2014-06-25 01:17:47 | 工作・実習
ふとしたことがきっかけで,本腰を入れて電気回路を学ぼうという意欲が増してきた。

火種は一年前からずっとくすぶっていたのだが,タイミングよく電気回路の教科書を人から借りることが出来たので,ここ一週間ほど持ち歩いてはことあるごとに眺めて楽しんでいる。

今日,ようやく回路の Δ-Y 変換の変換公式を自力で導くことができたので,一年来の宿題をようやく解決できて嬉しい限りである。といっても,喜んだのはほんの一瞬で,おそるおそる電気回路の教科書を見てみると,僕のやり方よりずっと自然でエレガントな導出法が述べられていたので,有頂天から一転,落胆してしまった。

その話はいずれ機会を改めて述べることにして,最近電気回路の教科書を見て感じたことを書き留めておく。

電気回路とは,抵抗,コイル,コンデンサの3種類の受動素子で構成された回路のことをいう。抵抗は電流を電位差に,あるいは電位差を電流に変換する素子だというのが,一年前から持ち続けている持論である。また,コンデンサは電圧と電荷に関する「電場担当」の素子であり,コイルは電流と磁場を担った「磁場担当」であるという風にとらえている。コンデンサとコイルの振る舞いは Maxwell の方程式系を基礎に理解できるが,抵抗は電位差と電流を結びつける役割を果たしており,それは Maxwell の方程式系から外れて Ohm の法則を体現している。そしてこれらは Kirchhoff の法則という一つの回路解析の基本ツールとして統合されるわけである。

全くの余談であるが,Maxwell の方程式系からわかることは,電場があると電荷は加速されて電流が増大するということである。もちろん,電荷が加速度運動すると電磁場が変動し,その変動が電磁波となって放射されるため,エネルギーが減少して多少は減速するだろうが,とにかく放っておけば速さは増大する一方であろう。

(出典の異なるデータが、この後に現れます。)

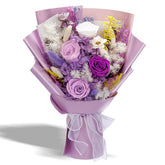 Bonsion preserved flowers bouquet in light purple for long-lasting home decor.
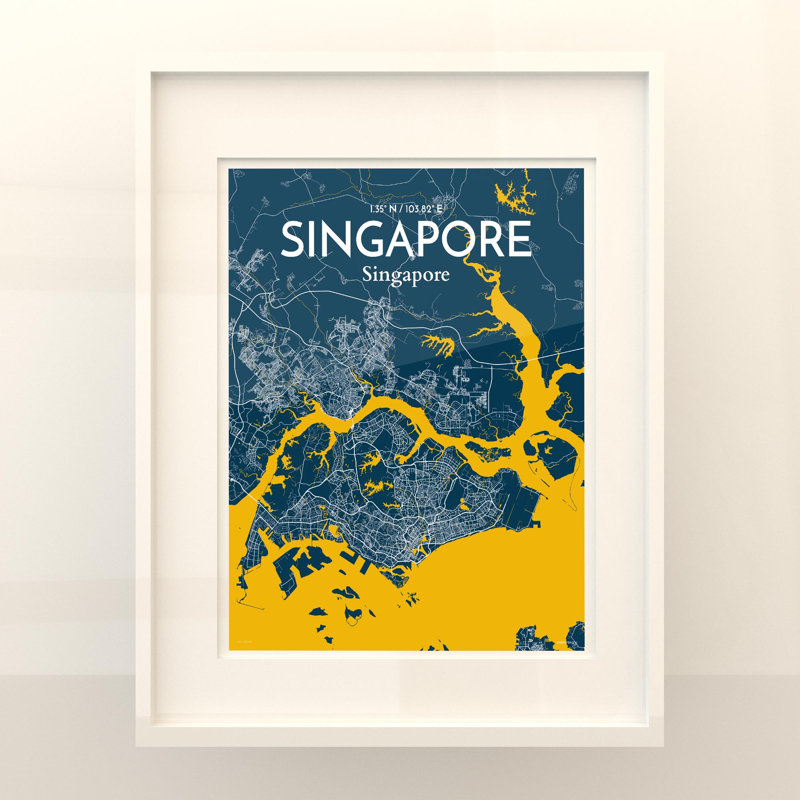 Singapore City Map In Amuse - No Frame Print, 20cm H x 16cm W x 0.05cm D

ところが Ohm の法則の教えるところは,加速は無制限ではなく,むしろ何かの妨害によって加速度は打消され,電流,つまりは電荷の移動速度(に相当するもの)は一定に保たれるわけである。

電荷の移動を妨げるのは抵抗内の原子である。電荷が電場の作用で加速されて獲得するはずだった運動エネルギーの増加分が何に吸い取られるかと言えば,電荷を担っている電子がぶつかる相手の原子の振動である。それが Jourle 熱に他ならない,という見方ができるだろう。

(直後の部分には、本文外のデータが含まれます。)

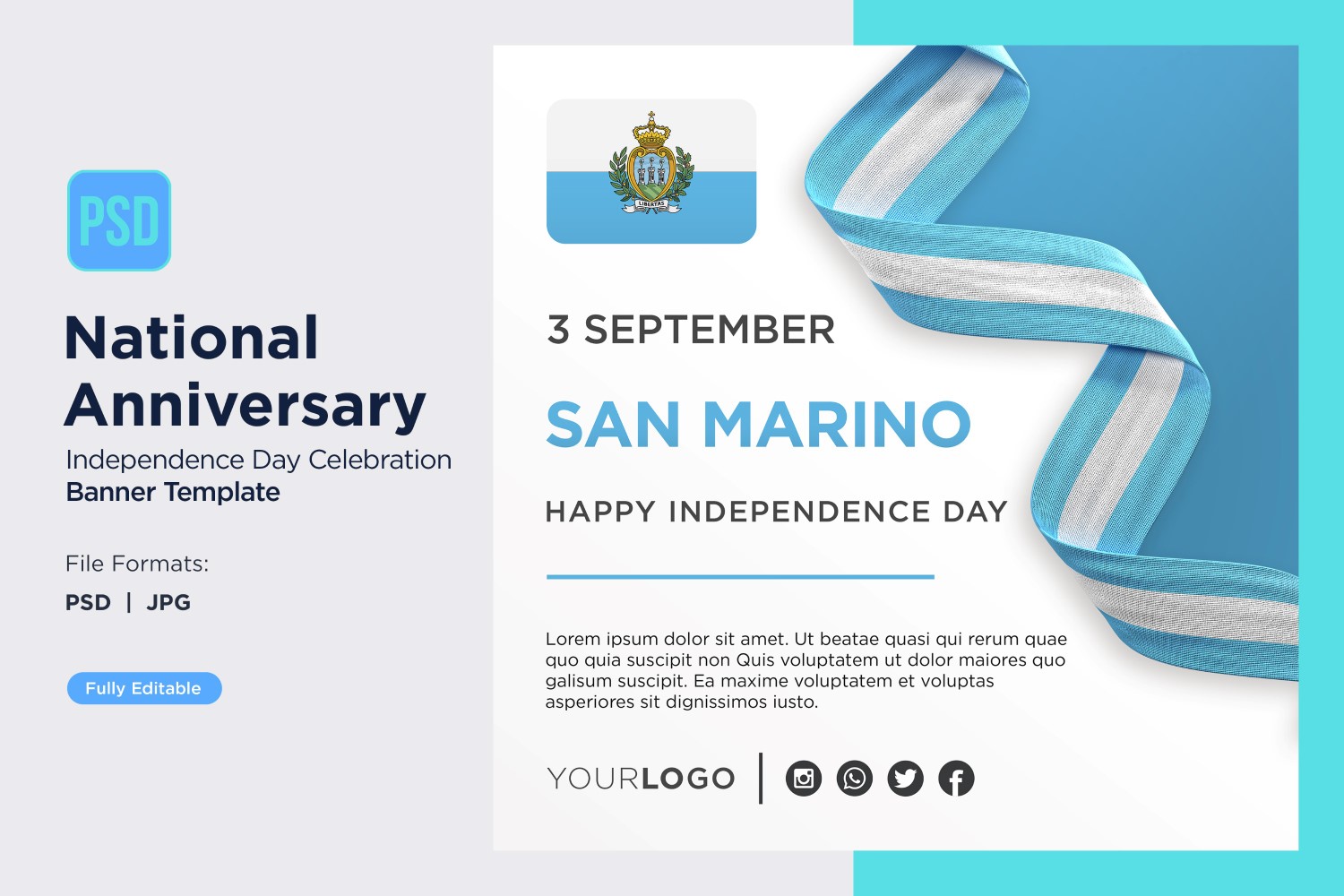 San Marino National Day Celebration Banner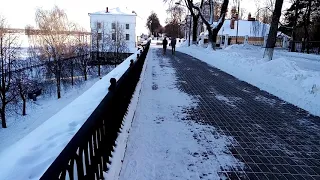 Фрагмент экскурсии по зимней Волжской набережной в Ярославле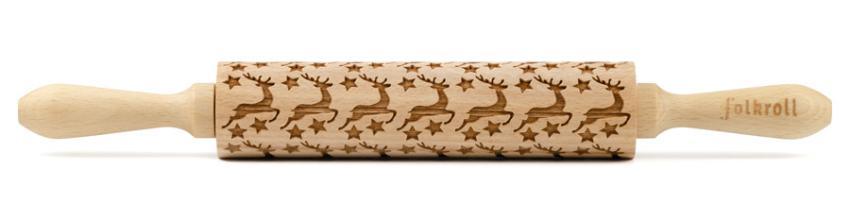 Folkroll Teigrolle medium 37cm - Rentier Sterne
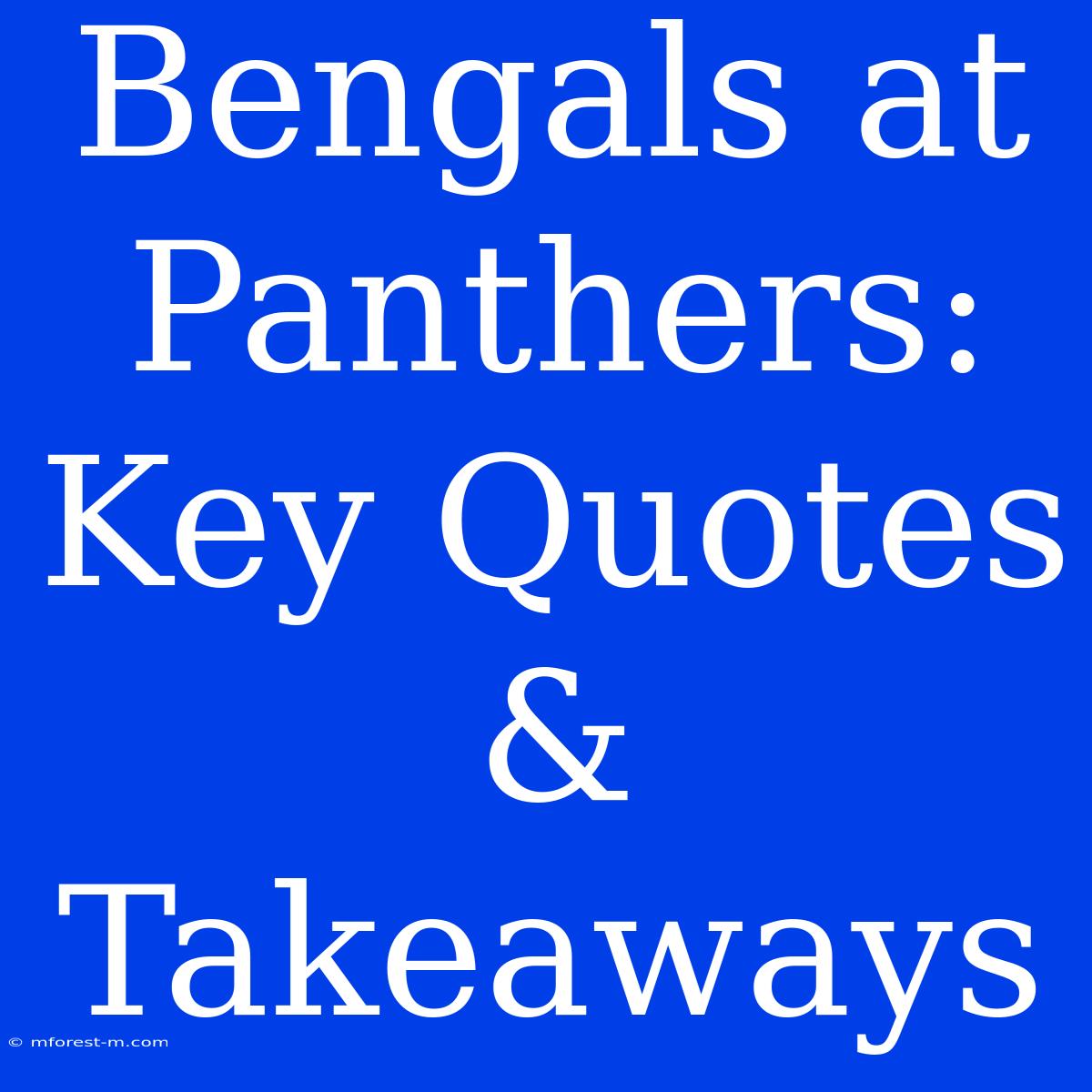 Bengals At Panthers: Key Quotes & Takeaways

こうして,電気回路を学ぶと必然的にエネルギーやら熱やらと付き合う羽目になる。

そもそも電気回路は Maxwell の方程式系という微分方程式に基礎をおくわけだから,微分積分や微分方程式の知識が必須である。

また,複素インピーダンスやリアクタンスという概念を導入することで交流回路の解析が極めて容易になるわけだが,その際,ベクトルや複素数の知識が必要となる。

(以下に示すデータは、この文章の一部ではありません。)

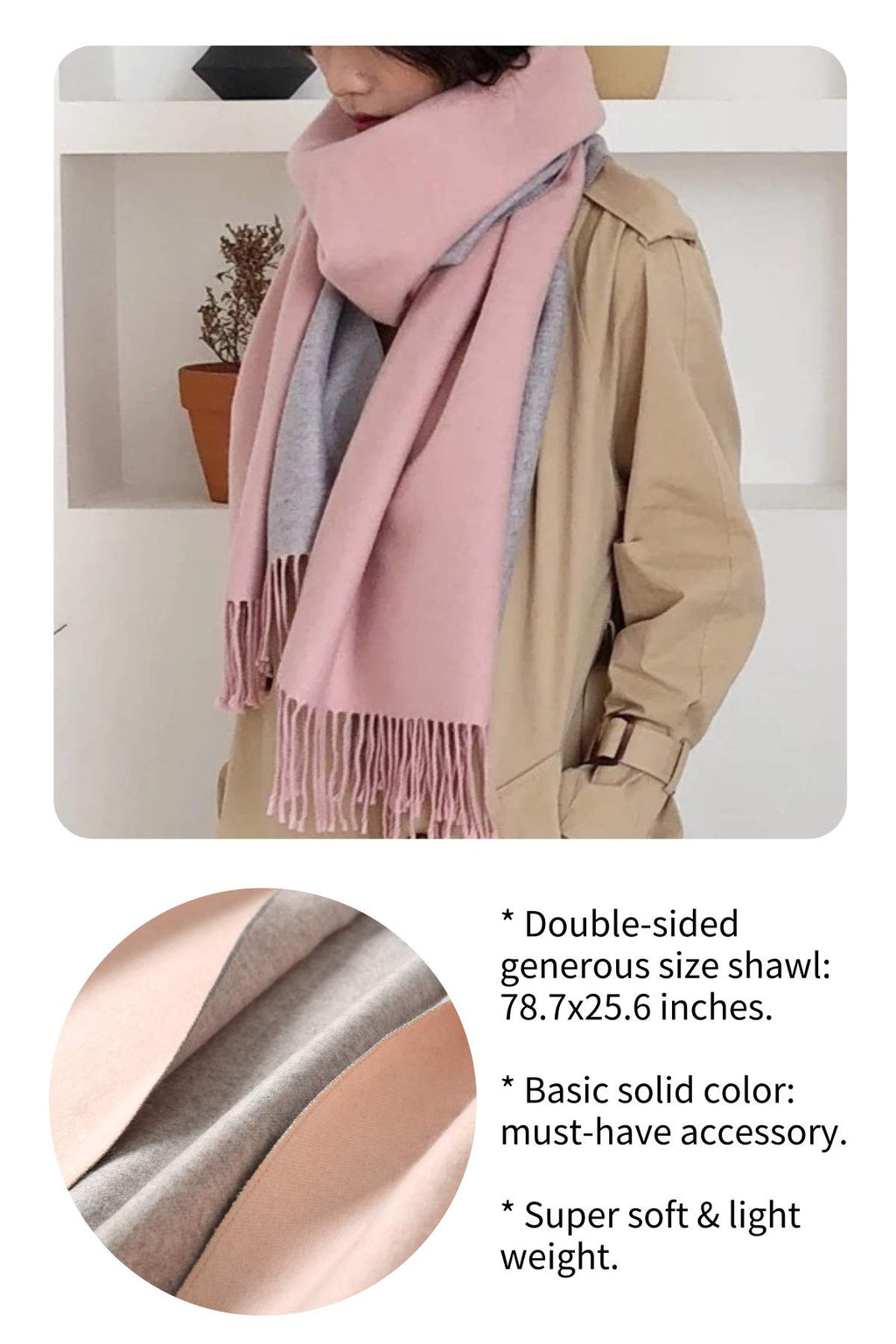 Jeelow reversible two-tone winter scarf in Pink Grey, 100% acrylic, 25.6 x 78 in., photo 5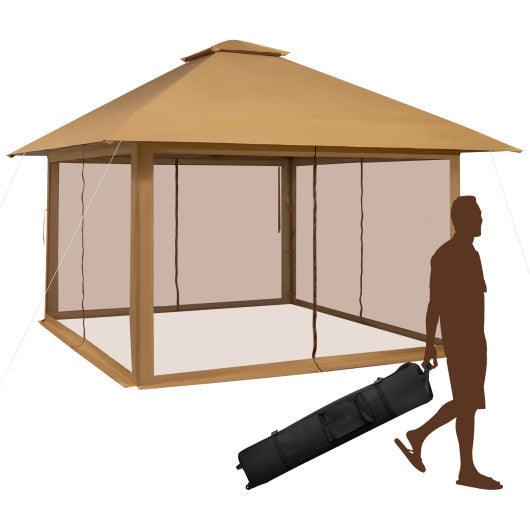 13 x 13 Feet Pop-up Instant Canopy Tent with Mesh Sidewall-Coffee at Set Shop and Smile
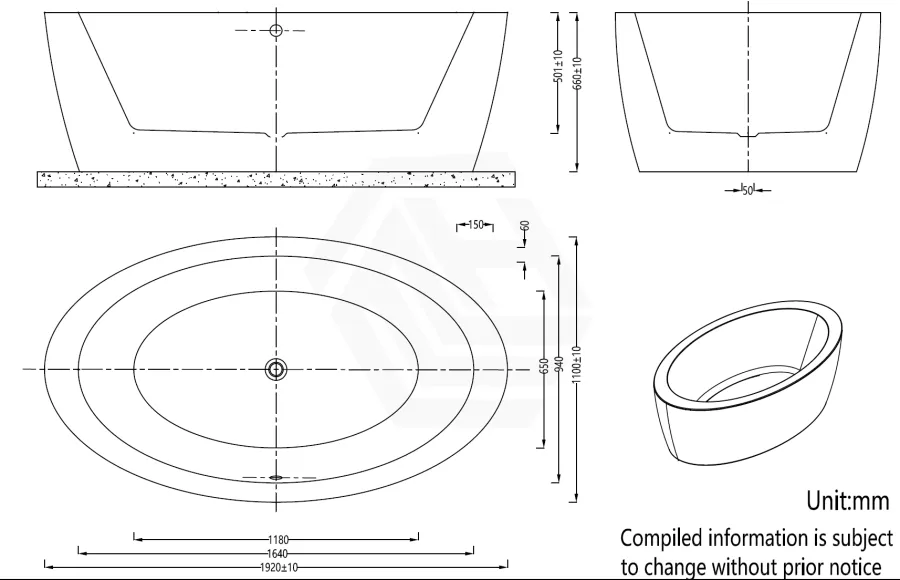 Broadway Aplauso 1920x1100x660mm Oval Acrylic Freestanding Spa Bathtub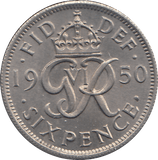 1950 SIXPENCE ( UNC ) - WORLD COINS - Cambridgeshire Coins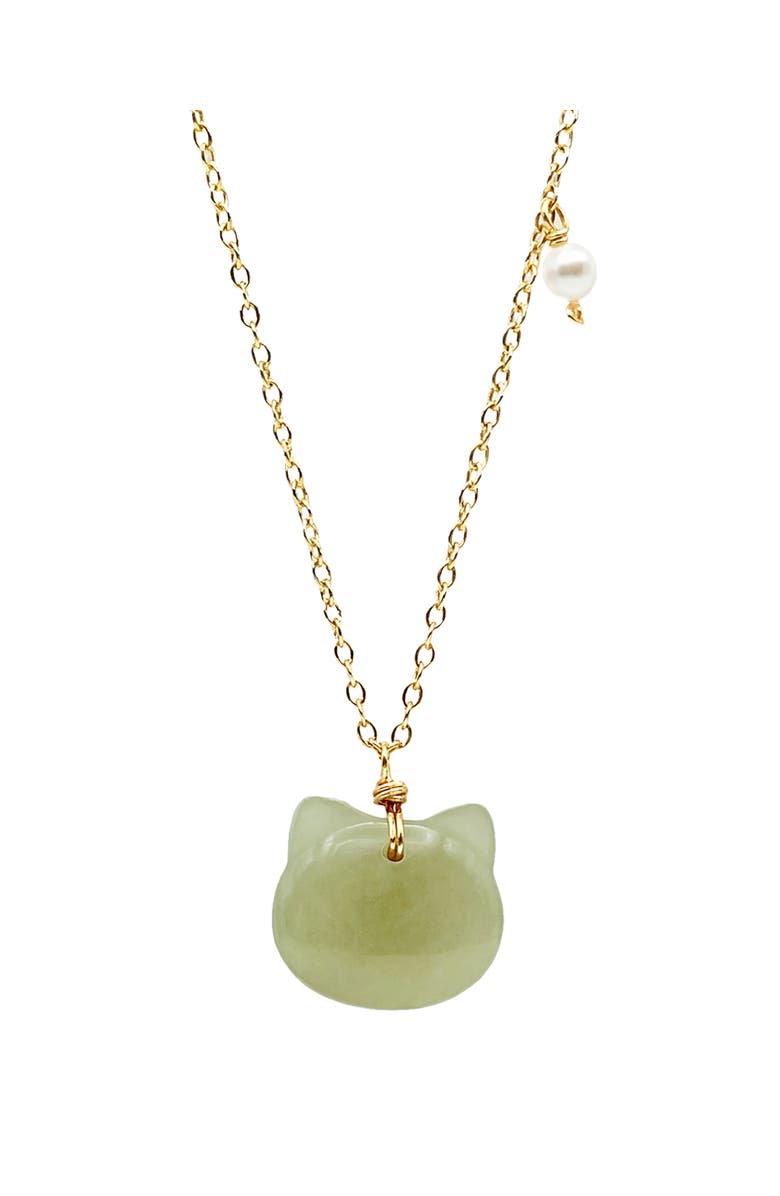 seree Choupette Cat green jade pendant necklace, Main, color, Light Green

さらには,これらの受動素子は抵抗のみならずコイルやコンデンサにまで適用される「拡張された」 Ohm の法則に従うと考えて回路に流れる電流に関する方程式系が導かれるが,それは連立1次方程式である。したがって線形代数も必要である。

もっと言えば,正弦波以外の交流を取り扱う際に有効な Fourier 級数も顔を出す。

というわけで,回路理論をきちんと学ぶためには高校の新旧の学習指導要領で取り扱われている数学のほぼすべての知識を総動員しなければならない。場合の数と確率,集合と論理,そして不等式や整数,整式の理論は使う機会がないが。

こう考えると,大学に入ってまた微分積分や行列を習うのは電気電子系の学生にとっては必然であるように思われるのである。ただ,それらが専門科目にどう使われるのかをちゃんと見据えた取扱いをするべきである。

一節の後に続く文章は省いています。